### DATA BELOW

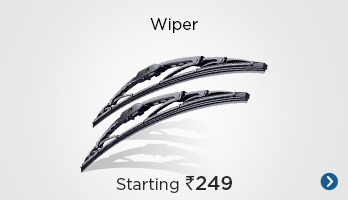 Wiper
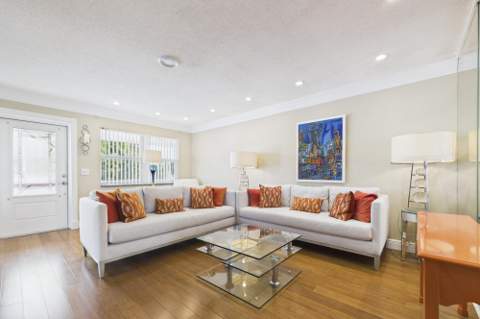 272 Northampton N, West Palm Beach FL - photo 13 of 50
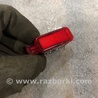 ФОТО Лампа светодиодная для Audi (Ауди) A3 III 8V (12-20) Київ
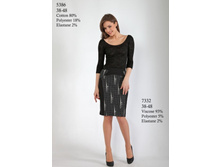 5386, 7332.jpg 1016 �., 1332 �.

### EXERCISE INSTRUCTIONS
Once you find the line that contains "272 Northampton N, West", give it again along with every later line through the end of the data, word for word, minus the pictures.

### SOLVED EXERCISE
 272 Northampton N, West Palm Beach FL - photo 13 of 50
 ФОТО Лампа светодиодная для Audi (Ауди) A3 III 8V (12-20) Київ
 5386, 7332.jpg 1016 �., 1332 �.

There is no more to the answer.